If you look at E8R9 402 under “37 C.F.R. 1.34 Acting in a representative capacity.”, you will see one paragraph that is just a short sentence that states the following:
“A power of attorney or authorization given to a registered Canadian patent agent, to be valid, must be given by the applicants, all of whom are located in Canada. See 37 CFR 11.6(c).”
11.6(c) is about registration of Foreigners practicing at USPTO for certain length of time.
11.9 is about limited recognition:
(a) Any individual not registered under § 11.6 may,upon a showing of circumstances which render itnecessary or justifiable, and that the individual is of goodmoral character and reputation, be given limited recognition by the OED Director to prosecute as attorneyor agent a specified patent application or specified patent applications.
In this case, the Canadian agent is for limited recognition.
Answer B
402.01 Exceptions as to Registration [R-5]
37 C.F.R. 11.9 Limited recognition in patent matters.

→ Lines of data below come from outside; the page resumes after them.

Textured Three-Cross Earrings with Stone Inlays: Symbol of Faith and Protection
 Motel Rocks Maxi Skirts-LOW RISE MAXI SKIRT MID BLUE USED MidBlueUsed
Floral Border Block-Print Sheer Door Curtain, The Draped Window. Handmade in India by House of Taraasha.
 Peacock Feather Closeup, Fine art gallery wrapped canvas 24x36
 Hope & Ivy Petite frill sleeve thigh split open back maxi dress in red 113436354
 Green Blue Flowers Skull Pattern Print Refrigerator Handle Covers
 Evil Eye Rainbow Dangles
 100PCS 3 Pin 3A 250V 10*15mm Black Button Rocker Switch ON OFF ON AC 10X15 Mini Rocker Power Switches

(a) Any individual not registered under § 11.6 may, upon a showing of circumstances which render it necessary or justifiable, and that the individual is of good moral character and reputation, be given limited recognition by the OED Director to prosecute as attorney or agent a specified patent application or specified patent applications. Limited recognition under this paragraph shall not extend further than the application or applications specified. Limited recognition shall not be granted while individuals who have passed the examination or for whom the examination has been waived are awaiting registration to practice before the Office in patent matters.
(b) A nonimmigrant alien residing in the United States and fulfilling the provisions of § 11.7(a) and (b) may be granted limited recognition if the nonimmigrant alien is authorized by the Bureau of Citizenship and Immigration Services to be employed or trained in the United States in the capacity of representing a patent applicant by presenting or prosecuting a patent application. Limited recognition shall be granted for a period consistent with the terms of authorized employment or training. Limited recognition shall not be granted or extended to a non-United States citizen residing abroad. If granted, limited recognition shall automatically expire upon the nonimmigrant alien’s departure from the United States.